Gillmore, Maule Valley (Chile), Cabernet Franc “Old Vines” 2012 (Global Vineyard Importers, $40) and Maquis, Colchagua Valley (Chile) “Franco” Cabernet Franc 2011 (Global Vineyard Importers, $85): When someone tells me that he or she has a good wine from Cabernet Franc, I am immediately interested. Compared to Cabernet Sauvignon, the production of Cabernet Franc is small and isolated enough that every Cabernet Franc wine from the New World piques my curiosity. The best wines are more flavorful and sprightly than most Cabernet Sauvignons, with enticing fresh fruitiness and yet enough weight to be considered serious wines.
Larry Challacombe, President of Global Vineyard Wine Importers in Berkeley, oversees a large portfolio of wines from artisanal family wineries in South America. He pointed out that several of his Chilean wineries have embraced Cabernet Franc and produce varietal Cabernet Franc wines, while many others are relying on this grape as part of their blends. He believes that the growing acreage of Cab Franc in Chile signals increasing importance of this variety in South America.
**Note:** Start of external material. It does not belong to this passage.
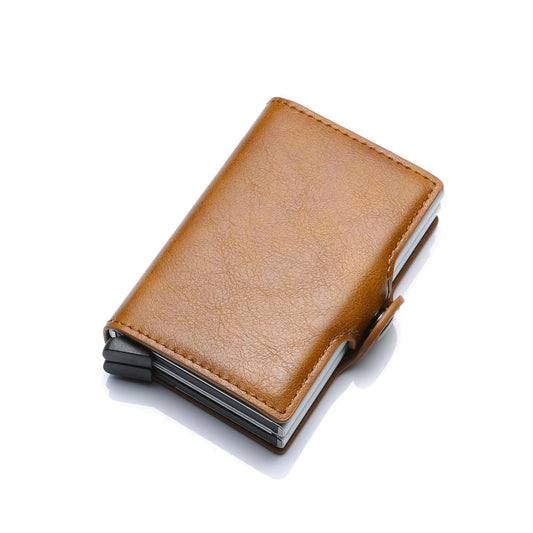 Dual Credit Card Pop Up Wallet Light Brown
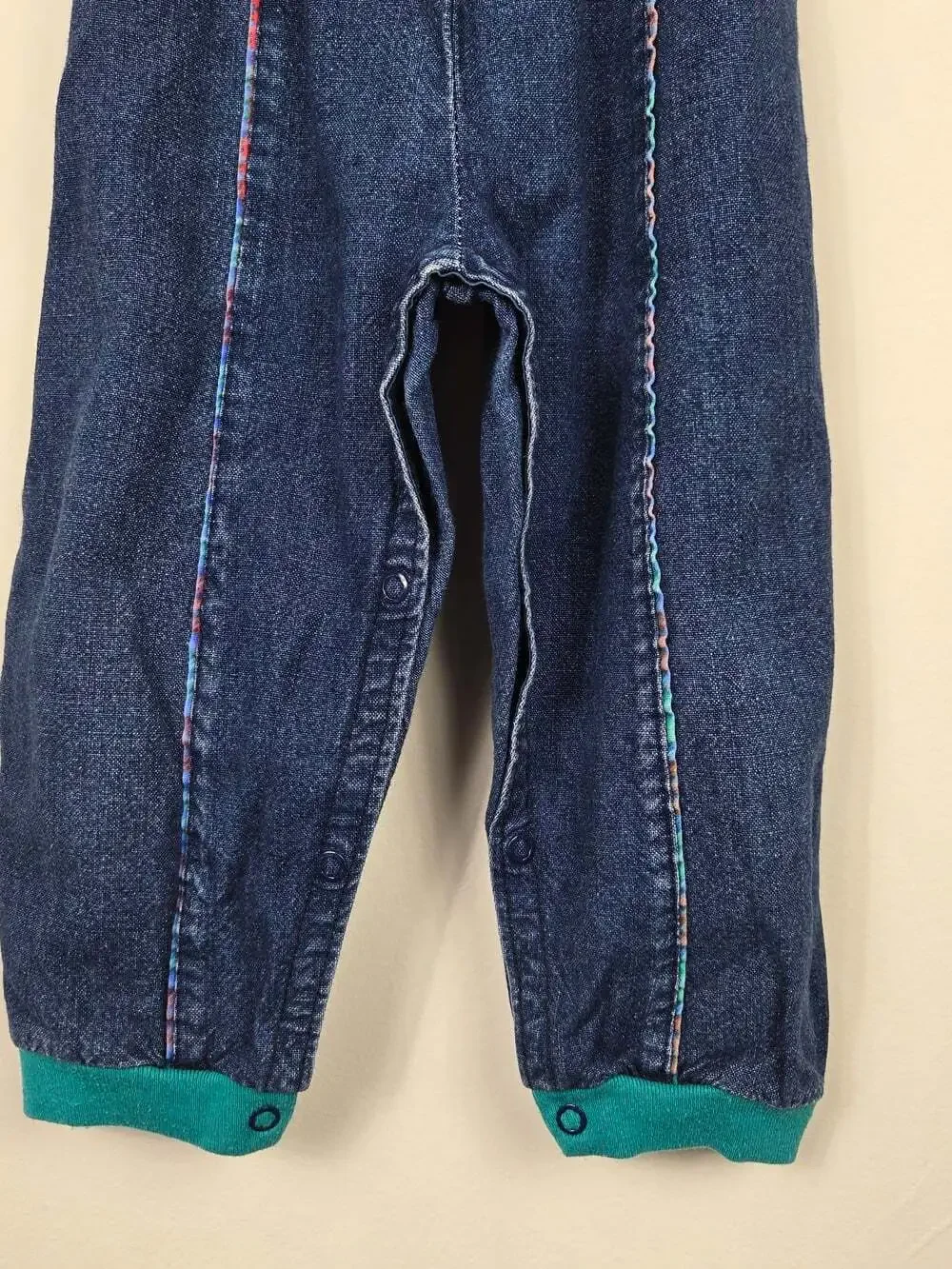 Vintage Carter’s 24M Denim Suspender Pants Plaid Straps Made in Canada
I tasted four of Larry’s varietally labelled Chilean Cabernet Franc wines that range in price from $14 to $85 a bottle and, in production volume, from eleven thousand cases to just 500 cases. Every one of them was a terrific wine worth buying, even the $14 everyday entry, 2014 Calcu Cabernet Franc Reserva Especial from Colchagua Valley. This wine is particularly aromatic with floral notes, delicate red fruits, dark berries, sweet spices, chocolate and tarragon. Its acidity is refreshing and its noticeable tannin does not overtake the wine’s enticing fresh fruit. Not surprisingly, it is the lightest wine of the four, but medium-bodied nonetheless, and frankly dry. How many $14 wines deserve 89 points?
Two of the wines come from Viña Maquis, an estate winery in Colchagua whose vineyard is bordered by two rivers that together funnel coastal breezes inland. The Cabernet Franc vines occupy the coolest site on the estate, and the two Cab Franc wines in fact share a remarkable freshness and vibrancy of fruit that would seem to be derived from a cool terroir, as well as from winemaking that’s focused on retaining freshness of flavor. The 2014 Maquis Cabernet Franc ($20) shows compact and concentrated fruit — blackberry, black cherry, plum, with clove and chocolate — that’s woven with toasty oak notes and edgy tannins. This is a very structured red wine and yet the fruit holds its own in the balance. Freshness, flavor, concentration and structure are the hallmarks of this wine, and I rate it at 90 points.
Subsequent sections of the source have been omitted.